The portrait of Eleonora of Toledo by Alessandro Allori has been handed back to Berlin's Gemaeldegalerie after veteran BBC foreign correspondent Charles Wheeler asked the Commission for Looted Art in Europe (CLAE) to find out where it belonged.
"He had been carrying it around with him for years and was very fond with it but had no idea how important it was," Anne Webber, Co-chair of the Commission, told Reuters.
"It was given to him as a wedding gift by a farmer he knew who told him he had got it from a Russian soldier in exchange for two sacks of potatoes to make vodka," she said. "He wasn't married at the time but it made no difference to the farmer."
The non-profit CLAE specialises returning Nazi-looted art and artefacts to their original owners.

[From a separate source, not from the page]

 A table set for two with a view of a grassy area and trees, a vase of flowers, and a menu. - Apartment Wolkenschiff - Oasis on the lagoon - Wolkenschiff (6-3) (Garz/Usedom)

Webber contacted galleries in Germany with a description of the oil-on-wood painting that measures 12 cm (4.72 inches) by 16 cm on the chance it might ring a bell.
The Gemaeldegalerie, which holds one of the world's leading collections of European art from the 13th through the 18th centuries, promptly faxed back a photograph they had taken of the painting before putting it into storage in 1939.
Its collection includes masterpieces from such artists as Albrecht Dürer, Lucas Cranach, Raphael, Titian, Caravaggio, Peter Paul Rubens, and Rembrandt.
The gallery had believed that the missing painting had either been taken to Russia after the war or burnt.
"We are delighted to have made possible the identification and return of this lovely painting. This is the fourth of Germany's war losses whose return we have enabled in the last six months," Webber said.
"The gallery were very excited. They had believed the picture had disappeared forever, and suddenly here it was," she added.
Klaus-Dieter Lehmann, president of the Prussian Cultural Heritage Foundation which covers all Berlin's state museums, said the return had raised hopes that other missing works could be located.
After some cleaning and a little restoration by the gallery, the painting that has travelled the world in Wheeler's luggage, will go on public display.